──────── PROVIDED MATERIAL ────────

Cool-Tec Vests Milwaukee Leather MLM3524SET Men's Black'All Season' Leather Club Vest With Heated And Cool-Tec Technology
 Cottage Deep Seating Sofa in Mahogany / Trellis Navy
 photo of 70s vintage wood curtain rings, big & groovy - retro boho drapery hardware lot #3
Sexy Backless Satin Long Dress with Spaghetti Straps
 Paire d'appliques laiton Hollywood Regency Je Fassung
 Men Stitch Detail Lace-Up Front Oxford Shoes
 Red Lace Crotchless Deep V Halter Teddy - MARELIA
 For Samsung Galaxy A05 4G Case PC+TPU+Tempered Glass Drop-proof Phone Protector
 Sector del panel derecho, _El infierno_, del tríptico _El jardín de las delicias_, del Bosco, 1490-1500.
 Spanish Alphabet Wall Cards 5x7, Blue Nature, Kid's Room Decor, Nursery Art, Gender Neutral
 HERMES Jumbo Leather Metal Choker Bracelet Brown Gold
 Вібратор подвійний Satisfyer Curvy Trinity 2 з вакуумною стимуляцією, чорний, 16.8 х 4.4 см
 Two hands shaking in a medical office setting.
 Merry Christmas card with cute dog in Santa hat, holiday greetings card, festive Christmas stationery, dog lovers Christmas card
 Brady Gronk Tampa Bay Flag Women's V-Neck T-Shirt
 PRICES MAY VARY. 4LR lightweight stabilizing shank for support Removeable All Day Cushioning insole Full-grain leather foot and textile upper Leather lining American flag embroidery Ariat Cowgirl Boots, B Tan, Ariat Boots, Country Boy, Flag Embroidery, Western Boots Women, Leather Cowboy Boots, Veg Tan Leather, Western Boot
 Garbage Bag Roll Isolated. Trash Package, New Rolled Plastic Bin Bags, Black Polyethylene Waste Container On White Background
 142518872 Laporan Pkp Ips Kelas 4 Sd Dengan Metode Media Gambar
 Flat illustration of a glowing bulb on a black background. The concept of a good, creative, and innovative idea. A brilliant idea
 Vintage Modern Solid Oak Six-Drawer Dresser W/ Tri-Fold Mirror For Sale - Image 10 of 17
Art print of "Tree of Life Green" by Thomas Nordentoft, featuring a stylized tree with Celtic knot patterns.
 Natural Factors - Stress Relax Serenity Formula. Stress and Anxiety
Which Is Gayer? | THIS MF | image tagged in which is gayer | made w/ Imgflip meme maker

────────

## THE TASK
Write out exactly the lines above between the line with "Flat illustration of" and the line with "Vintage Modern Solid", inclusive, and nothing beyond them.

## THE COMPLETED TASK
 Flat illustration of a glowing bulb on a black background. The concept of a good, creative, and innovative idea. A brilliant idea
 Vintage Modern Solid Oak Six-Drawer Dresser W/ Tri-Fold Mirror For Sale - Image 10 of 17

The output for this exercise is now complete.